Christian Enemark

Personal information
- Full name: Christian Enemark
- Date of birth: 20 January 1999 (age 27)
- Place of birth: Køge, Denmark
- Height: 1.83 m (6 ft 0 in)
- Position: Centre-back

Team information
- Current team: Hobro
- Number: 3

Youth career
- Herfølge
- 0000–2015: HB Køge
- 2015–2018: Brøndby

Senior career*
- Years: Team / Apps / (Gls)
- 2017–2019: Brøndby / 2 / (0)
- 2018–2019: → HB Køge (loan) / 19 / (0)
- 2019–2020: Næstved / 29 / (0)
- 2020–2021: AB / 26 / (2)
- 2021–2024: Næstved / 86 / (0)
- 2024–2025: Kolding / 15 / (0)
- 2025–: Hobro / 14 / (0)
- 2025: → Östersunds FK (loan) / 27 / (0)

International career
- 2014–2015: Denmark U16 / 4 / (0)
- 2015–2016: Denmark U17 / 11 / (0)
- 2017: Denmark U18 / 1 / (0)
- 2018: Denmark U19 / 1 / (0)

= Christian Enemark =

Danish footballer (born 1999)

Christian Enemark (born 20 January 1999) is a Danish professional footballer who plays as centre-back for Danish 1st Division club Hobro IK.

==Career==
===Brøndby===
Born in Køge, Enemark started playing football at Herfølge Boldklub, the mother club of HB Køge, and was promoted to HB Køge's U17 squad although he was a U15 player. On 15 January 2015, he was sold to Brøndby IF at the age of 15.

On 21 May 2017, Enemark made his official debut for Brøndby IF in a match against SønderjyskE where he played the entire game at right-back. The club announced on 8 January 2018, that Enemark had been permanently promoted to the first team together with goalkeeper Casper Hauervig. Enemark normal position was at centre back but he was promoted because the first team was missing a right back.

====HB Køge (loan)====
On 3 August 2018, Enemark was loaned out to his childhood club, HB Køge, in the second-tier 1st Division until the end of the season. Enemark had not made many appearances for Brøndby due to tough competition in defense. At the end of his loan spell at HB Køge, it was announced that Enemark would not receive a permanent contract with the club because the coaching staff failed to agree on the position in which he would be utilised. Enemark saw himself as a centre back, while the club wanted to use him as a right back.
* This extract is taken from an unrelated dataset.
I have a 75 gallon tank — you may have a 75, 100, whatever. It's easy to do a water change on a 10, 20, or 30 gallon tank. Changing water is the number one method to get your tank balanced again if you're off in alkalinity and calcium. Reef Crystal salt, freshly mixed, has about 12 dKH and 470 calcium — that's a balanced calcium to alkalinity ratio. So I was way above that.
On 7 June 2019, Brøndby announced that Enemark would leave the club following the return from his loan spell at HB Køge, as his contract with the club expired.

===Næstved===
On 11 June 2019, it was confirmed, that Enemark had joined 1st Division club Næstved Boldklub.

===AB===
On 29 August 2020, Enemark moved to Akademisk Boldklub (AB) in the third-tier 2nd Division. There, he was appointed vice-captain and gained the award of "Player of the Year".

===Return to Næstved===
In June 2021, it was announced that Enemark would return to Næstved.

===Kolding IF===
On 10 June 2024, recently promoted Danish 1st Division side Kolding IF confirmed that Enemark had signed a contract until June 2026. He made his debut for the club on 19 July, replacing Casper Jørgensen in the 95th minute of a 0–0 away draw against B.93 at Østerbro Stadium.

===Hobro IK===
On 31 January 2025 the Danish 1st Division club Hobro IK confirmed that Enemark joined the club on a deal until the end of 2026.
But due to an error with his player certificate, he was not registered, and Hobro IK had to loan him out to Swedish Superettan side Östersunds FK until 30 June 2025.
On 27 June 2025, it was announced the loan-deal was extended until 31 December 2025.